Авторы не идеализируют своего героя. Махно — не только искренний противник государства, как института подавления личных и общественных свобод или же жертва двурушнической политики большевиков. Вот он грабит и убивает лавочника Маскуриди (первое убийство), вот предательски расправляется с атаманом Григорьевым (конкурент), вот отдает приказ расстрелять всех сдавшихся красных эстонцев (наемники).
В романе не только биография атамана, но и линии fiction увязаны с подлинными историческими фактами. Так, например, в книге действует белый полковник Владислав Данилевский, ищущий по всему Парижу атамана-эмигранта. Его родственников (отца и сестру) в малороссийском имении вместе с гостями перебил Махно. В реальности Данилевского не существовало, но Махно действительно переодевшись в форму офицера армии гетмана Павла Скоропадского, совершал подобные налеты.
Удачны и психологические портреты героев. Вот тот же Данилевский, разлученный с семьей, отставший от полка, ожидающий эвакуации в Новороссийске. «Он знал, что рано или поздно застрелится. И все-таки жил, понимая, что с этим всегда успеется… Парадокс: его спасала мысль о неизбежном самоубийстве». Ярка и эмоциональна сцена, когда знакомый по Бутырке, а потом по Царицыну чекист Роман Кущ-Мандолина, ставший после окончания Гражданской войны крупным советским функционером, уговаривает нищего и больного батьку вернуться в СССР. Махно непреклонен и Кущ уже собирается уходить.
«– Мандолина! – остановил своего давнего тюремного приятеля Махно. – Скажи, а можешь ты, советник, человек генеральского звания, на губах сыграть, как когда-то бывало? Вернуть юность.
И холеный советник, отбивая чечетку и издавая удивительные звуки, перебирая пальцами губы, пошел к двери».
А вот заключительная сцена, когда Данилевский находит в Париже смертельно больного Махно, молча смотрит на него, уходит и, предварительно разрядив, выбрасывает револьвер в Сену, представляется несколько искусственной.
Вместе с тем в «Девяти жизнях» имеется и осознанный отход от исторических фактов. Так, начальник штаба армии Махно Черныш вобрал в себя черты трех махновских начштабов. В наибольшей степени он списан с последнего — Виктора Белаша (отсюда парафраз фамилии), но есть отсылки и к другим руководителям штаба.

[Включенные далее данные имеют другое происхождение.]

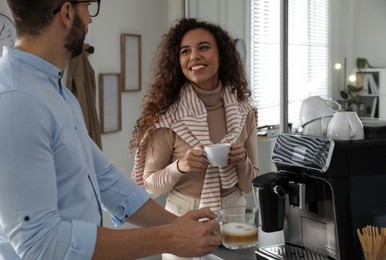Colleagues with hot drinks talking near modern coffee machine in office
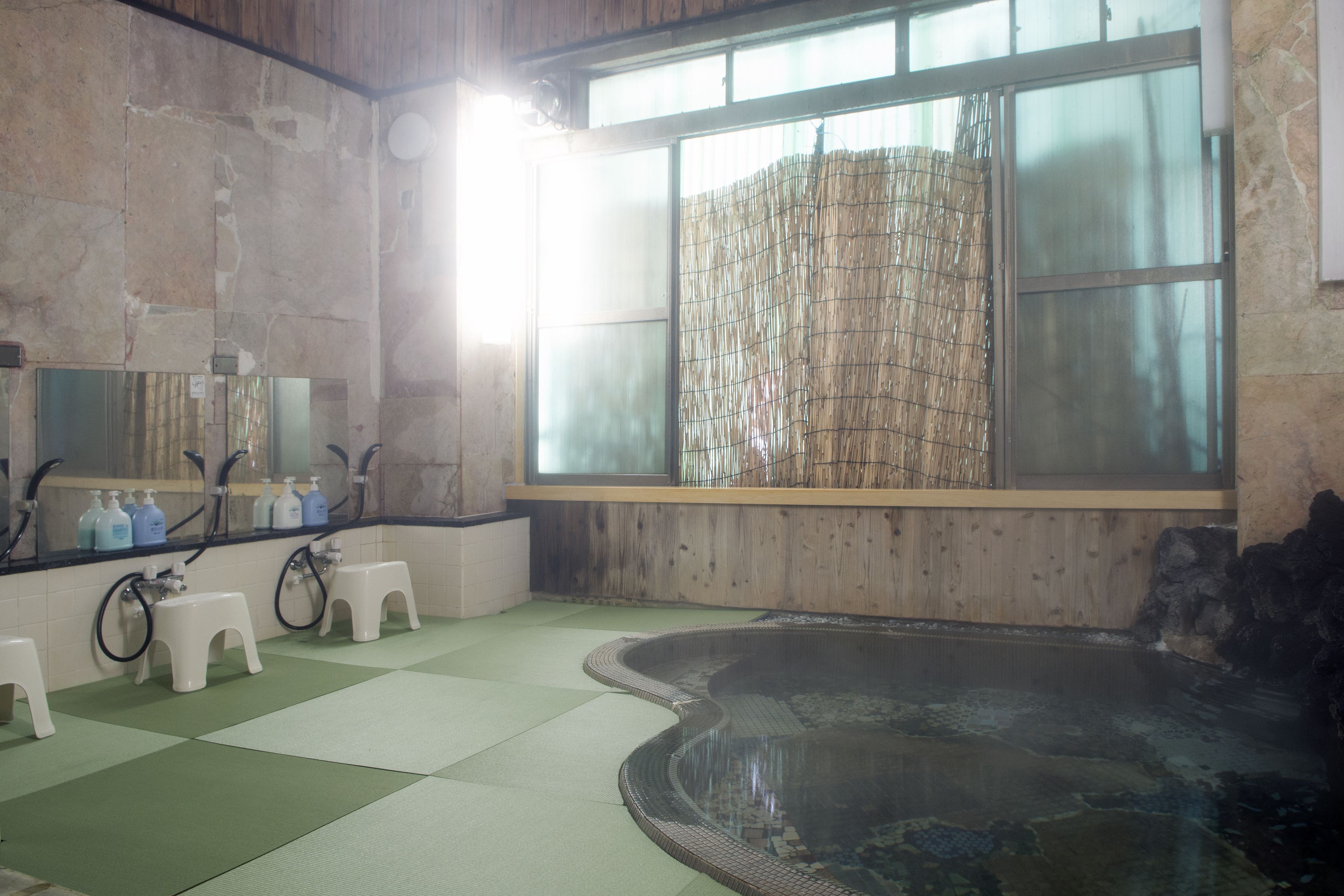 Une salle de bain dotée d’une grande fenêtre, d’une petite piscine et d’un miroir avec des articles de toilette.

Сильно отличается разговор между Махно и Лениным, в версии авторов романа… и самого Нестора Ивановича. Махно вспоминает о своих, по сути, бесплодных переговорах с Лениным и главой Советского правительства Яковом Свердловым. Вожди большевизма показали в процессе переговоров абсолютное незнание философии и политики анархистов-коммунистов (официальное название движения Махно), заносчиво обвиняя батьку в «беспочвенности». Как выяснилось в процессе беседы, они имели вдобавок очень смутное представление о реальных чаяниях крестьян. Истоки новой экономической политики коммунистов следует искать и в этой беседе. В диалоге романа «крестьянская» тема отсутствует. Герои говорят об анархии и коммунизме, а затем приходят к соглашению о совместных боевых действиях.
В разговоре с автором этих строк один из авторов романа Игорь Болгарин сказал, ссылаясь на мемуарные свидетельства, что сомневается в аутентичности данного фрагмента воспоминаний Махно.
***
В чем основной message романа?
Показать наименее изученный аспект Гражданской войны. Трагедию третьей силы. Ведь не менее массовой, чем Белая армия, были крестьянские иррегулярные формирования. Благодаря более продуманной идеологической работе красным удавалось чаще, чем белым объединятся с ними в союз, что в немалой степени обеспечило окончательную победу коммунистов. В последующем, когда надобность в третьей силе отпала, она была частью сразу же уничтожена (Махно), частью погибла в стихийных, неорганизованных восстаниях против аграрной политики Москвы (антоновское на тамбовщине, «беловодье» в Сибири etc). Ведь, по точному замечанию Болгарина и Смирнова «никогда русский не сражается с таким упорством, как против другого русского». На Западе и в России комплексное изучение крестьянского протеста началось лишь в конце ХХ века.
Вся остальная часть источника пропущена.